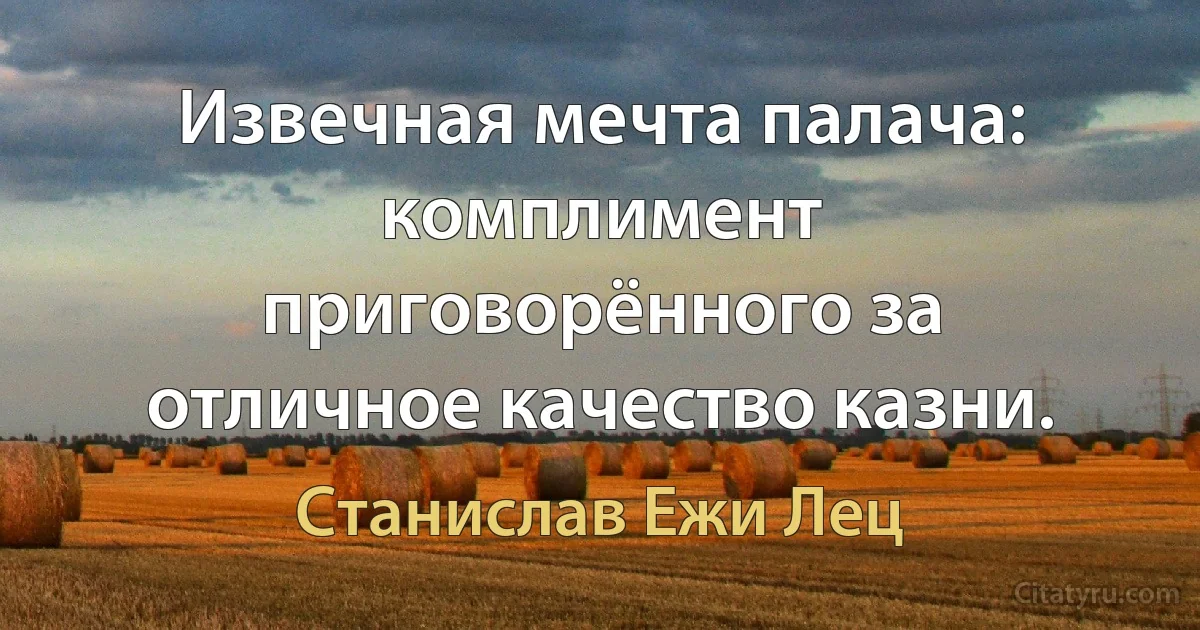 Извечная мечта палача: комплимент приговорённого за отличное качество казни. (Станислав Ежи Лец)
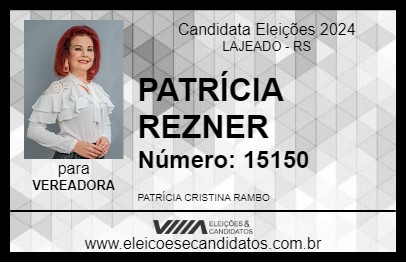 Candidato PATRÍCIA REZNER 2024 - LAJEADO - Eleições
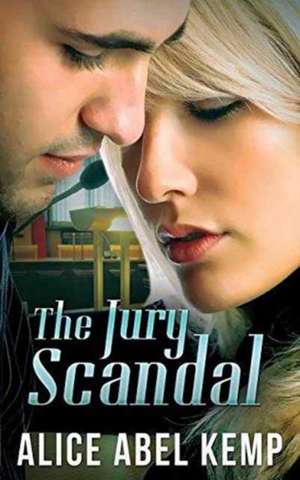 The Jury Scandal de Alice Abel Kemp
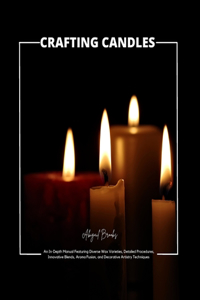 Crafting Candles
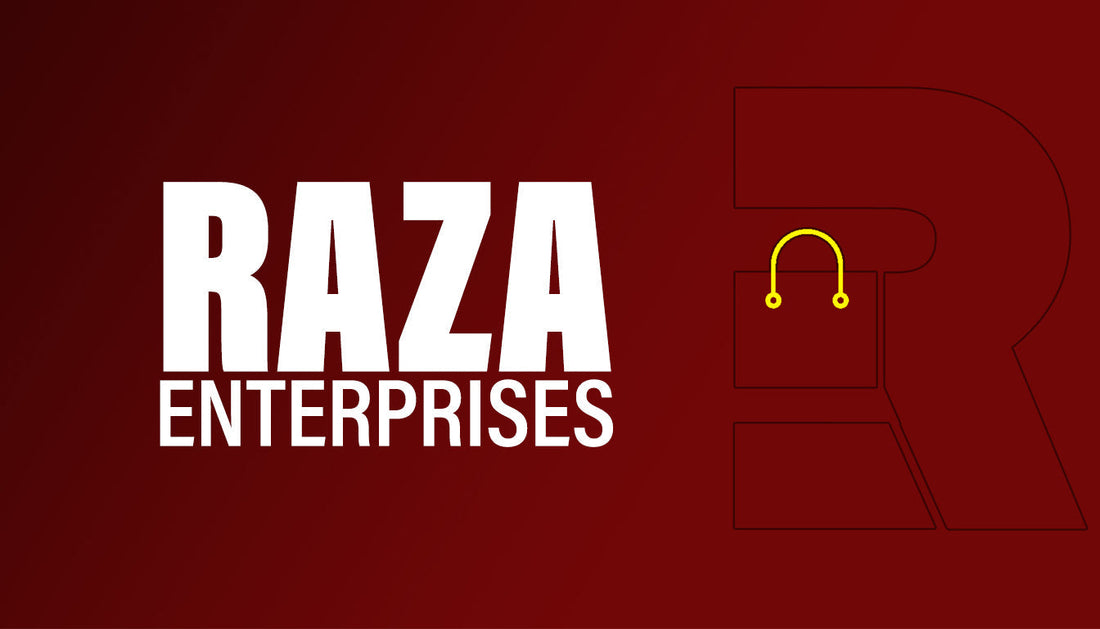 Welcome to Raza Enterprises – Quality You Can Trust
******
▸ **Problem to solve**: Set down exactly, and only, the lines from the one holding "Candidato PATRÍCIA REZNER" to the end of the records above, leaving every picture out.

▸ **Result of the task**:
 Candidato PATRÍCIA REZNER 2024 - LAJEADO - Eleições
 The Jury Scandal de Alice Abel Kemp
 Crafting Candles
 Welcome to Raza Enterprises – Quality You Can Trust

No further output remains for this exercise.